Et quoi de plus moche et effrayant que des graphismes en bouillie approximative ? Alors, on peut tout à fait balancer au joueur des planches vermoulues en basse définition. Du slime pixelisé qui tombe du grenier ou encore des créatures qui sont juste des modèles Unity de base sur lesquels on a ajouté des crocs et des griffes. Non ? Ça ne vous suffit pas ? C'est pourtant un petit peu l'approche qu'avait par exemple un certain Silver Chains, avec ses assets basiques et ses monstres en robe de chambre sommairement modélisés.
Mais la laideur, passe encore : tout le monde n'a pas la chance d'avoir une direction artistique de qualité (ça coûte cher et ça demande du goût). On a plus de mal à accepter ces jeux quand leur cadre plutôt simple et restreint nous est livré farci jusqu'au trognon de bugs indignes. Je reste ainsi assez défavorablement marqué par un certain Someday You'll Return, qui était sorti dans un état presque trop déplorable pour pouvoir être critiqué. Et dans le sous-genre "jeu d'horreur où tu vas dans un endroit et bouh ça fait peur", c'est hélas davantage la norme que l'exception.

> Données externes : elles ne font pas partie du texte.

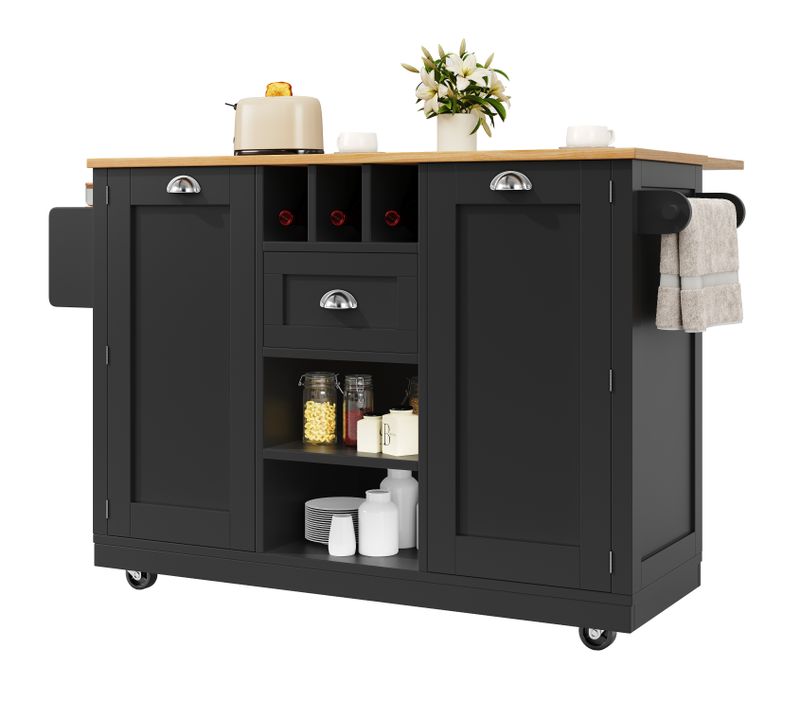 Îlot De Cuisine Mobile Avec Plan De Travail, Rangement Vin Et Porte-serviettes, Noir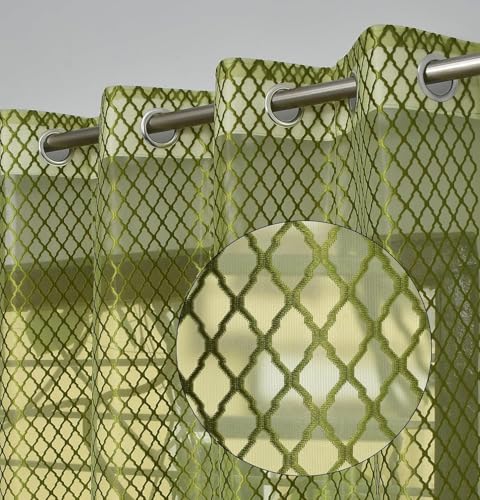 Image of IVAZA Heavy Premium Polyester Beautiful Moroccan Trellis Design Transparent Net Curtains | Modern Parde for Living Room Bedroom | Home Office Screens Window- 5 Feet (Pack of 1) Green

On passera aussi volontiers sur ces jeux qui diluent de manière insupportable leur propos, souvent moisi, avec des énigmes fastidieuses : fusibles à changer, mélodies à recomposer sur un piano, codes de carte bleue à chercher en lumière infrarouge sur les décors, tout le monde vous déteste. Dans trop de cas, on se retrouve complètement sorti du délire juste parce qu'on revisite en boucle une maison (ou un temple, ou un labyrinthe, ou un supermarché). Lieu que l'on connait déjà, que l'on connait par cœur, et que l'on doit retourner juste pour dénicher un bout de papier indiquant où Mike a rangé ces satanées ampoules. On a vu plus amusant.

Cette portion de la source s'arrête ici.